Jim Howitt was a mentor of mine in life. When I was in my early 20’s working at a marketing company, he was in his late 60’s having returned from retirement to work in our office. For the first year or so, I didn’t know much about Jim, but each time I worked with him he was genuinely interested in talking me as a person before the task I was asking him to help with. It wasn’t his job, he implicitly taught me that skill that I attribute to my own success in the classroom and workplace: care for the person and their service to you and others will benefit.
In one of our conversations, I learned that Jim had started modestly as an immigrant to Canada from England. He worked his way through the auto industry in Detroit and became a high-ranking executive at Chrysler during the Iacocca era when Chrysler was booming. This post-retirement job was simply a way for him to keep active and social. I asked how Jim felt he had become so successful. Jim revealed to me without hesitation, “I never said that’s not my job.” At the dawn of my professional life, these words imprinted upon my heart.

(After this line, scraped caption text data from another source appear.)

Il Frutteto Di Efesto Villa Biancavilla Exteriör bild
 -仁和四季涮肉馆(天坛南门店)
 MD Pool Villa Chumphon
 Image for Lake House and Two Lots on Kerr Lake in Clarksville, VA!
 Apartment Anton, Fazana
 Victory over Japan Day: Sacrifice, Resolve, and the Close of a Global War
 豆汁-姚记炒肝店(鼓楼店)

I think of Jim all the time, like a wise grandfather I enjoyed for a glimpse of time. This week as I shoveled the walks before staff and students arrived in a snow storm, I had no fewer than three adults and children ask, “Why are you shoveling, that’s not your job?” I had to smile and wonder if Jim is still alive, then I responded to each of them, “What does that mean, not my job? It needs to be done. This is how you succeed.”